▸ **Exercise prompt**
Set down the data below exactly; pictures stay out.

▸ **Supplied material**
——————

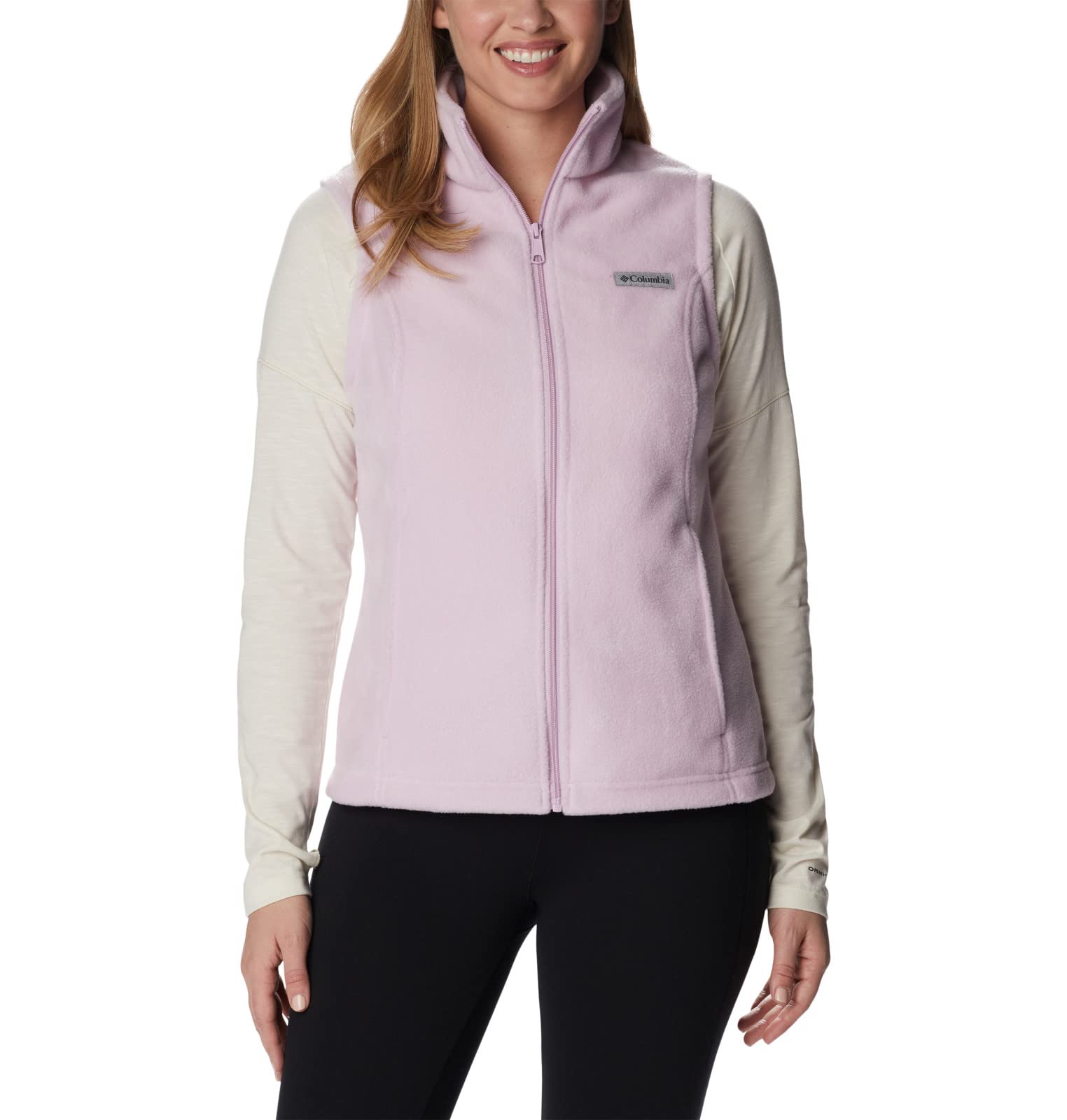 Columbia Women's Benton Springs Fleece Vest - Lightweight, Warm & Water-Resistant for Outdoor Activities, Hiking & Casual Wear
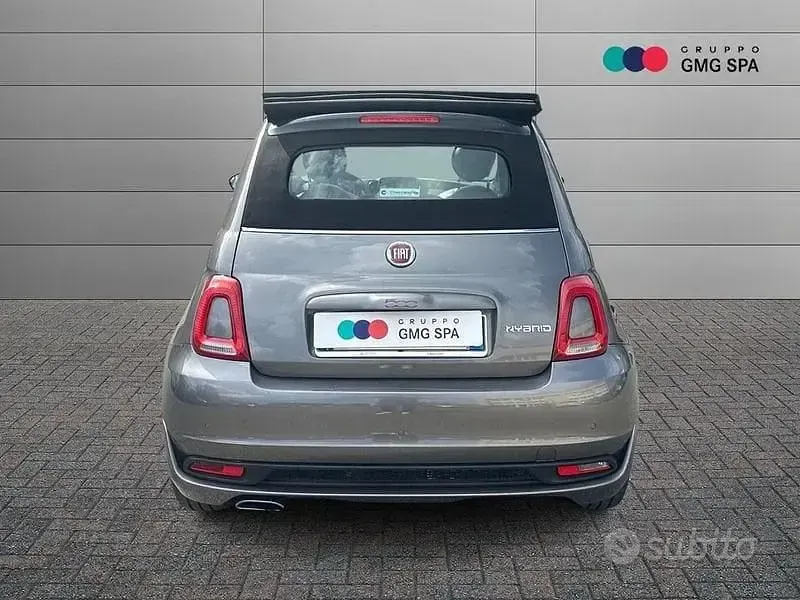 Usata Fiat 500C Sport 70 CV (51 kW) 2020 Grigio Cabrio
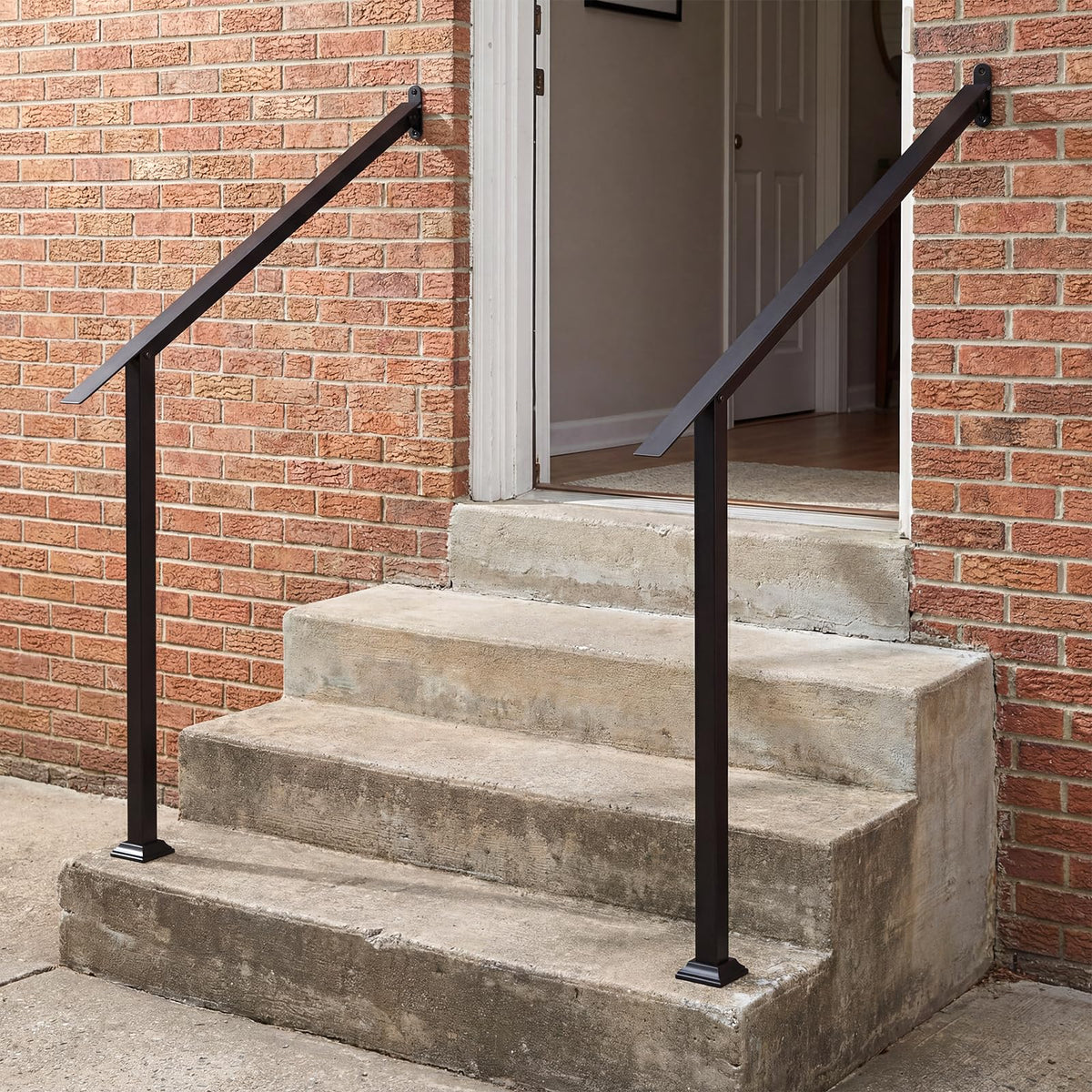 Wall Mount Adjustable Galvanized Steel Handrail for Outdoor Steps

——————

▸ **Task output**
 Columbia Women's Benton Springs Fleece Vest - Lightweight, Warm & Water-Resistant for Outdoor Activities, Hiking & Casual Wear
 Usata Fiat 500C Sport 70 CV (51 kW) 2020 Grigio Cabrio
 Wall Mount Adjustable Galvanized Steel Handrail for Outdoor Steps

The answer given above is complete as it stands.